By Mak Yuen Teen
In September 2015, SGX announced the establishment of three “independent committees” as part of its adoption of a new disciplinary framework. The three committees are the Listings Advisory Committee (LAC), Listings Disciplinary Committee (LDC) and Listings Appeals Committee (LAC).
On 4 June 2018, I posted a blog titled “SGX watchlist of directors and key officers is good but more is needed” in which I said:
“Today, SGX Regco has enhanced regulatory powers that allow it to publicly reprimand and fine issuers, and to publicly reprimand directors (but not to fine them). SGX Regco also has a disciplinary committee and an appeals committee. When this system of independent committees was introduced, I felt that while due process and natural justice is important, there is a risk that the enforcement process becomes too “bureaucratic”. The disciplinary committee will not want its actions to be regularly or even sporadically overturned by the appeals committee, so there is likely to be an effort to ensure that the two committees are on the same page before any action is taken. This may then require many people to agree to an enforcement action. Add to that the fact that the committees are made up of market practitioners, there is also the risk of conflict, in the sense that they or their friends or acquaintances may be the ones facing possible enforcement actions (some members on the committees may themselves be serving on boards or advising them).

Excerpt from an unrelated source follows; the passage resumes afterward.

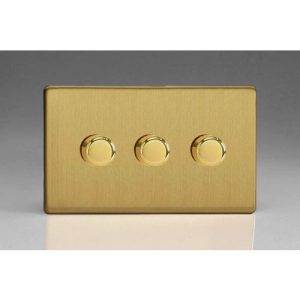 VARILIGHT BRUSHED BRASS 3G LED DIMMER SWITCH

Of course, there are conflict of interest procedures in place but such procedures usually deal with only the clearcut conflicts (and the rest is up to the individual member’s own standards and values). I was not confident that the enforcement process would be timely enough or would be used sufficiently to be a real deterrent. “
The members of the different committees, including the disciplinary committee, can be found here: https://www2.sgx.com/independent-committees
I am afraid that my worst fears may have been realised. According to SGX’s website, the last public disciplinary action taken was in November 2018 and the last such action against an issuer and its directors was in July 2018. Information on public disciplinary actions can be found here:
https://www2.sgx.com/regulation/public-disciplinary-actions
Yes, that’s right. In 2019, there has not been a single public disciplinary action taken by the disciplinary committee. What has the disciplinary committee been doing in 2019? How many cases has it considered?
Looking at the composition of the disciplinary committee, the previous concerns with a conflict between the commercial and regulatory roles of SGX, which the establishment of SGX Regco in September 2017 was supposed to address, may now have been replaced by conflicts within the disciplinary committee. How many of these committee members or their firms are providing services to issuers and directors who may be subject to enforcement actions? While I am sure there are conflict of interest procedures in place, how effective would these procedures be if the committee as a whole include many members who are actively providing services to issuers and directors, or who are directors or management of issuers? Some are directors or key management of issuers, including independent directors. Would they support enforcement action against their peers? Incidentally, enforcement actions against issuers and directors are already rare, but when it comes to enforcement actions against independent directors, they are practically “black swan” events.
There is also the issue of SGX Regco not being a statutory regulator and therefore being potentially subject to legal action itself, when it takes action against issuers and directors. Further, since SGX Regco is a subsidiary of a commercial company (SGX), there may be questions of funding for its activities. If SGX Regco becomes embroiled in legal action when it decides to take enforcement action, would there be sufficient funding? Would that curtail its ability to discharge its wider responsibilities? If not, this may act as a deterrent to SGX Regco’s willingness to take enforcement action.
In this regard, I was trying to obtain the audited financial statements and annual report of SGX Regulation Pte Ltd (the full name for SGX Regco) from ACRA through its bizfile services to understand SGX Regco’s resources and activities. I haven’t got them yet but as a separate regulatory subsidiary and an entity of considerable public interest, shouldn’t SGX Regco publish a full annual report of its own each year and make it publicly available?
Such an annual report can not only provide the usual audited financial statements, but also information on its activities, including enforcement actions, and its governance, such as how frequently the board and different committees met, fees paid to each director, and so on. So far, the only information on fees paid to directors of SGX Regco that I can gather is from SGX’s own annual report, which shows that Jane Diplock, who serves on both the SGX and SGX Regco boards, was paid an additional $85,000 for serving on the SGX Regco board in its last financial year. That should suggest that the SGX Regco board is quite active and should be able to oversee enforcement actions. The disciplinary committee may therefore be superfluous, or worse, a hindrance to enforcement action.